Zum Preis für das gebotene habe ich mich schon geäußert. Das muss jeder für sich selbst entscheiden. Ich bin von einer E-M1.2 auf die E-M1X umgestiegen, bzw. habe gar nicht vor die E-M1.2 abzugeben. Der Kauf wird sich objektiv niemals rechnen (wie auch, ich verdiene mit meinen Bildern sowieso kein Geld), aber es ist mir eine Freude diese Kamera in die Hand zu nehmen. Das ist ein Gefühl und kann nicht aufgerechnet werden. Beim Fotografieren ist für mich der Weg das Ziel. Ich fotografiere beinahe ausschließlich für mich selbst und zeige meine Bilder nur sehr selten. Ich freue mich jetzt schon wie Bolle darauf, in zwei Wochen auf irgendeiner einer Wiese auf Kreta zu liegen und die dort wachsenden Orchideen zu fotografieren. Und dabei werde ich den Umgang mit der E-M1X genießen.
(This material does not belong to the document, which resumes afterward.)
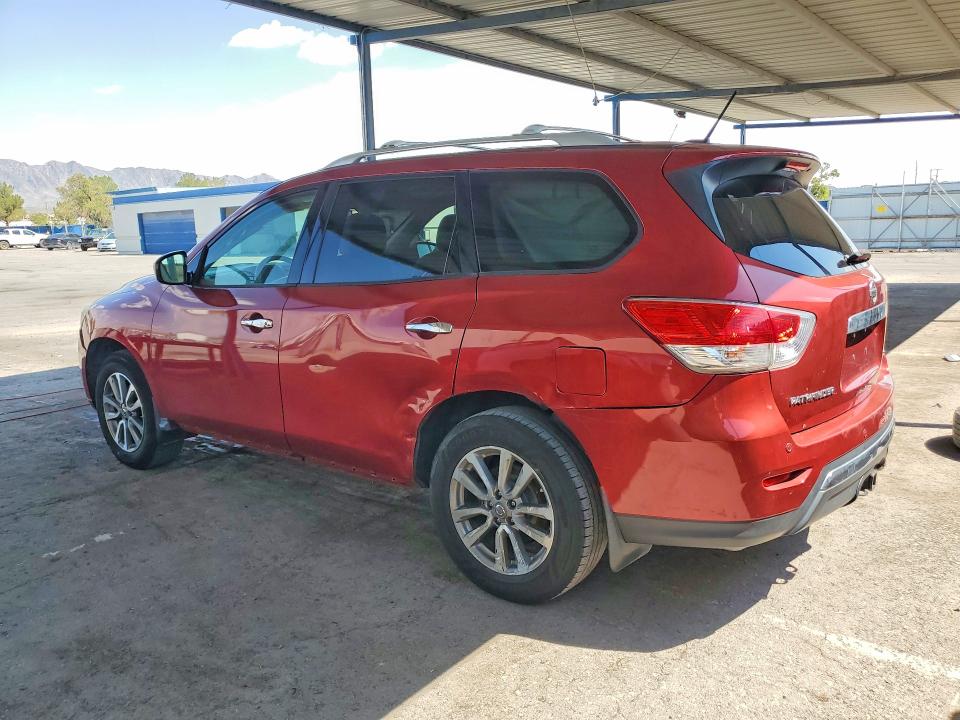 Aukcja sprzedaży 2013 Nissan Pathfinder, vin: 5N1AR2MN3DC604055, numer aukcji: 64511466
Nach dem Orchideen-Urlaub kann ich gerne berichten, wie zufrieden ich mit den Fokus-Stacks mit nun bis zu 15 Bildern bin. Bei den 8 Bildern, die eine E-M1.1 und 1.2 zu einem Ergebnis verrechnen konnte, war ich meistens sehr zufrieden, aber mitunter sieht man je nach Größe der Blüte und gewählter Blende leichte Schärfeunterschiede zwischen den einzelnen Fokusschritten. Sichtbar ist das i.d.R. nur in der 100% Ansicht, aber der Effekt ist erkennbar. Eine Hand voll erster Testschüsse mit völlig langweiligen Motiven (einfachen, schräg fotografierten Stoff-Flächen) machen einen sehr guten Eindruck, schließlich kann ich die gleiche Entfernung wie bisher mit fast der doppelten Anzahl an Einzelbildern abfahren. Die Abstände zwischen den Einzelbildern können entsprechend kleiner sein. Die Zeit, die die Kamera beim Verrechnen der 15 Bilder benötigt, scheint mir nicht wesentlich länger zu sein, als die Zeit, welche die E-M1.2 für 8 Bilder benötigt hat. Abhängig von Motiv und der Speicherkarte, variierte die Zeit schon immer. Von dieser Möglichkeit verspreche ich mir einiges.